While a bank holding too many bad loans can certainly hold too many maturing CDs, our non-lending Treasury cannot hold too many maturing bonds unless its deficit spending causes harmful inflation. And that happens ONLY in a war or emergency requiring rationing. It NEVER happens during a recession. During prosperity, banks are ALWAYS the main cause of inflation, creating over $6 of credit for every $1 of deficit spending. To curb inflation, regulate the banks before stopping work on infrastructure projects!

Q6: How much should Congress tax and spend?
A6: Ideally, Congress should tax just enough to prevent harmful inflation and should spend almost enough to cause full employment (and therefore harmful inflation).
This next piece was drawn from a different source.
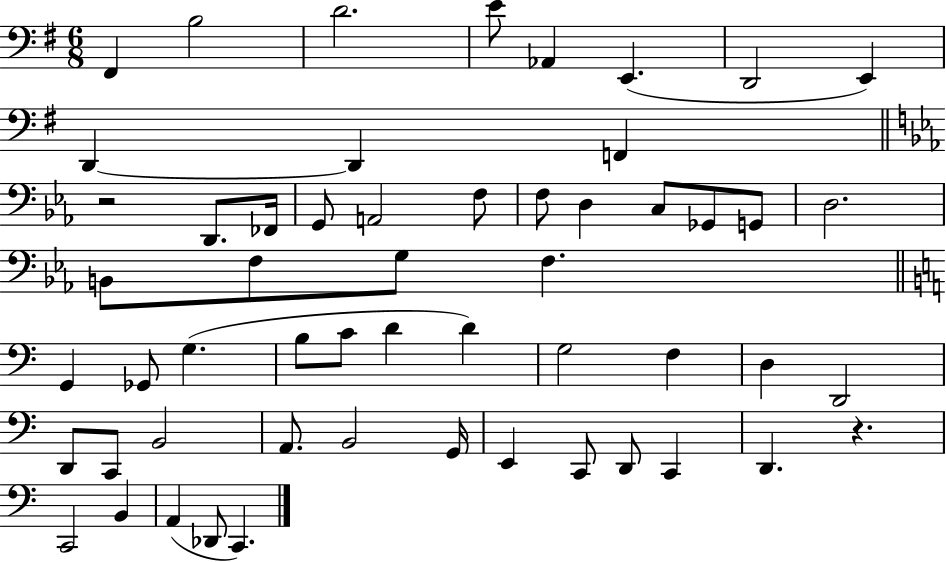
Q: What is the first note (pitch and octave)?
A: F#2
Result: prosperity with low inflation.

Instead, bribed by Wall Street, Congress taxes as little as possible, enriching the rich, and spends as little as possible, impoverishing the rest of us by restricting deficits / savings. Just as quacks k**led George Washington by bleeding his “bad blood”, Congress is destroying our younger generations by reducing (possibly to zero!) our annual budget deficits / private sector savings increase / consumer demand. And, by bribing Congress to pass austerity budgets, the Wall Street charlatans are deliberately nursing a huge army of unemployed labor to suppress the wages and working conditions of the shrinking middle class.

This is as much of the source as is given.